Geschichte der Wolgadeutschen
Приложение к статье: Лёбзак (Лебсак) Георг Самуил

Einsam kämpft das Wolgaland

Einsam kämpft das Wolgaland. Ein Bericht aus 7 Jahren Krieg und Revolution von Georg Löbsack. Mit 6 Bildern und 3 Karten. 1936. R. Voigtländer’s Verlag, Leipzig. Leinen 4,50 RM.

Es ist im Lauf der letzten Jahre in der deutschen Presse viel mehr von der Deutschen Wolga-Republik, ihren Wirtschaftsmöglichkeiten, dem furchtbaren Hungerelend, ihrer Anpassung an den Bolschewismus und ihrer vermuteten Eigenständigkeit, der Bedrückung der Wolga-bauern und ihren Fluchtversuchen — von äußerem Geschehen — die Rede gewesen als vom Wolgadeutschen. Wer in Deutschland kennt diesen deutschen Ostmenschen, wie er in fünf Generationen seit der Einwanderung 1765 aus der Zusammenschmelzung der Abkömmlinge verschiedener deutscher Stämme in den Steppen der Wolga geworden ist? Im Buch: „Einsam kämpft das Wolgaland“ gibt uns ein Wolgadeutscher in einer Tiefe, die bisher nie erreicht wurde, Einblicke in das Werden und Wesen, in das eigenartige und daher einzigartige Seelenleben dieses deutschen Stammes. Das Buch ist wertvoll, weil es die sieben Jahre der Kriegs- und Revolutionskatastrophen  des einsam kämpfenden Wolgalandes schildert, wie das nur ein Mitkämpfer so lebendig zu gestalten vermag. Aber noch weit wertvoller ist das Buch dadurch, daß es von einem Dichter geschrieben ist, der die Seele seines Volkes erkannt hat und dieses Volk in seinem einstigen Glück und Reichtum und in der Tragik von Not, Verderben und Tod mit Innigkeit liebt. Daher ist dieses Buch von einem nicht nachzuahmenden Zauber erfüllt: Die Wolga rauscht in ihm, die unermeßlichen Weiten der russischen Steppen dehnen sich in ihm. Der dem Westeuropäer unbekannte Duft des Ostens schlägt uns entgegen.
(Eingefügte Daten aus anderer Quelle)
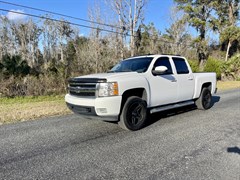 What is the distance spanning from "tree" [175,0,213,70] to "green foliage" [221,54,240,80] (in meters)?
5.03

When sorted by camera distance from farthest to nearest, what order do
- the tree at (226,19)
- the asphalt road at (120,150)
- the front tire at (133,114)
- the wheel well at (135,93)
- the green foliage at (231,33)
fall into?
the tree at (226,19) < the green foliage at (231,33) < the wheel well at (135,93) < the front tire at (133,114) < the asphalt road at (120,150)

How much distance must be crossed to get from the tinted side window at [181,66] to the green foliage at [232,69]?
68.7 feet

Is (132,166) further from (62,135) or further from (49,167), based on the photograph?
(62,135)

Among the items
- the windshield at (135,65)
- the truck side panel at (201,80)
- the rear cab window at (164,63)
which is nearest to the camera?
the windshield at (135,65)

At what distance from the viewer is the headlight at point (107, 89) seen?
5047 mm

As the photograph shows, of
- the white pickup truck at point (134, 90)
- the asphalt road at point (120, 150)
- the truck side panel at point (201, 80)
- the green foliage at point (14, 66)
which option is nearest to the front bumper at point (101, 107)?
the white pickup truck at point (134, 90)

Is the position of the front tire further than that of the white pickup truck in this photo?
Yes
Wenn Löbsack in wenig Worten die Kolonistenkultur der baltischen gegen- überstellt, merkt jeder Wissende, welch tiefes seelisches Erfassen des Ostdeutschen in seinen verschiedenen Abwandlungen hier vorliegt. Er schreibt: „Die deutsch-baltische Kultur war die Kultur des überalterten Adels und des etwas hoffärtigen städtischen Bürgertums. Die kolonistische  Kultur war zum Teil noch altdeutsch und schlicht, zum Teil schon russisch und anspruchsvoll, ungelenk, rauh, noch jung, aber doch schon angekränkelt von Zweifeln, ob denn die kolonistische Zukunft an der Wolga und am Schwarzen Meer liege. Gefangen im Bann der russischen Kultur, war sie der Deutschlands weltenfern, ohne selbst schon das zu sein, was schlechthin Geisteskultur heißt. Es war Beginn. Nicht mehr.“

Mit Recht sagt daher Adolf Eichler vom Werk Löbsacks, des alten treuen Mitarbeiters der „Deutschen Post aus dem Osten“: „Dieses lebenswahre Buch kann als eine Sendung der Wolgadeutschen an Mutterland und Stammvolk gewertet werden.“ Löbsack ist einer der wenigen Deutschen des vom Mutterlande abgeschnittenen Wolgadeutschtums, der dem deutschen Volk singen und sagen kann von diesen heute einsamer denn je kämpfenden deutschen Menschen. Es ist ein Buch des Rußlanddeutschtums für das ganze deutsche Volk.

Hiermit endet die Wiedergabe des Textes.